→ Prompt: In the entries below, find the line with "Money 100 dollars" and the line with "Boxer practicing punches". Return those two lines and all lines between them, exactly.

Records provided START

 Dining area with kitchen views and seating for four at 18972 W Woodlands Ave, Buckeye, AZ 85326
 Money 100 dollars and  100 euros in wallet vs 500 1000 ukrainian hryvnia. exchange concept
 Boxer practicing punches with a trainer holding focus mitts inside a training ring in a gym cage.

Records provided END
Records provided START

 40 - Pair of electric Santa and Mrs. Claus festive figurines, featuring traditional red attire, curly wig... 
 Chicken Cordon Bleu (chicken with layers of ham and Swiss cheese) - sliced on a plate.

Records provided END

→ Output of the exercise:
 Money 100 dollars and  100 euros in wallet vs 500 1000 ukrainian hryvnia. exchange concept
 Boxer practicing punches with a trainer holding focus mitts inside a training ring in a gym cage.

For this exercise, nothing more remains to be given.